Input data
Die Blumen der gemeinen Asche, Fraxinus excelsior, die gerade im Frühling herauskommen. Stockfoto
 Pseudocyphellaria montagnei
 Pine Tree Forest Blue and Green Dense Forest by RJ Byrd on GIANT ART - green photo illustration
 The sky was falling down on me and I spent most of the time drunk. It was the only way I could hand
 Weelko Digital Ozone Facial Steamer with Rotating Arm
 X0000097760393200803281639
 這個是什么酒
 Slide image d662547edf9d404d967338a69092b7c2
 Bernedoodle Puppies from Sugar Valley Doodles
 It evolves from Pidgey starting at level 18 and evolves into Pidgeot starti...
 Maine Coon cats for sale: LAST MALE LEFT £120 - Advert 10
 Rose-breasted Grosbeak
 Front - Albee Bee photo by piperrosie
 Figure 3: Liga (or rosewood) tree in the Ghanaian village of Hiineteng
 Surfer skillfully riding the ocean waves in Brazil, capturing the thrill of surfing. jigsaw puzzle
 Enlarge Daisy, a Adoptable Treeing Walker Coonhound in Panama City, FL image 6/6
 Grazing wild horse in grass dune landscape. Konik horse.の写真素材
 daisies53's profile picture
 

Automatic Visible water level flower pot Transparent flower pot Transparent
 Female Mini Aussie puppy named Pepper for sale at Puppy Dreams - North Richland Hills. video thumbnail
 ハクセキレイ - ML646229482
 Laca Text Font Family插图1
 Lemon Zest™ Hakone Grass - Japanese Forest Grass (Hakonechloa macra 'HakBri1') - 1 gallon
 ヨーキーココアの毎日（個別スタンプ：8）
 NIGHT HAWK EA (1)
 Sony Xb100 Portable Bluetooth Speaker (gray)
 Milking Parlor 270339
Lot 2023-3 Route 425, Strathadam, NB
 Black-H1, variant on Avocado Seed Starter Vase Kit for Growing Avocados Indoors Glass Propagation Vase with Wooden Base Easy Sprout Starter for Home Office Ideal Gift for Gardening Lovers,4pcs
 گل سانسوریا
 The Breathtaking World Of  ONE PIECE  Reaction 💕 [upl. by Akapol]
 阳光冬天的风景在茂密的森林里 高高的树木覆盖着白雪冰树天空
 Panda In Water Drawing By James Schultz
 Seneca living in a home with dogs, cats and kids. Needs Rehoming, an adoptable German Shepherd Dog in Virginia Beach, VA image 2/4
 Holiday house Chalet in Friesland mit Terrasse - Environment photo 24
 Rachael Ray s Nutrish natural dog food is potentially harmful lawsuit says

Exercise instructions
Scan the records above for the lines holding "Figure 3: Liga" and "ハクセキレイ - ML646229482". Transcribe those two and every line between them word for word, and no others.

Solution for this problem
 Figure 3: Liga (or rosewood) tree in the Ghanaian village of Hiineteng
 Surfer skillfully riding the ocean waves in Brazil, capturing the thrill of surfing. jigsaw puzzle
 Enlarge Daisy, a Adoptable Treeing Walker Coonhound in Panama City, FL image 6/6
 Grazing wild horse in grass dune landscape. Konik horse.の写真素材
 daisies53's profile picture
 

Automatic Visible water level flower pot Transparent flower pot Transparent
 Female Mini Aussie puppy named Pepper for sale at Puppy Dreams - North Richland Hills. video thumbnail
 ハクセキレイ - ML646229482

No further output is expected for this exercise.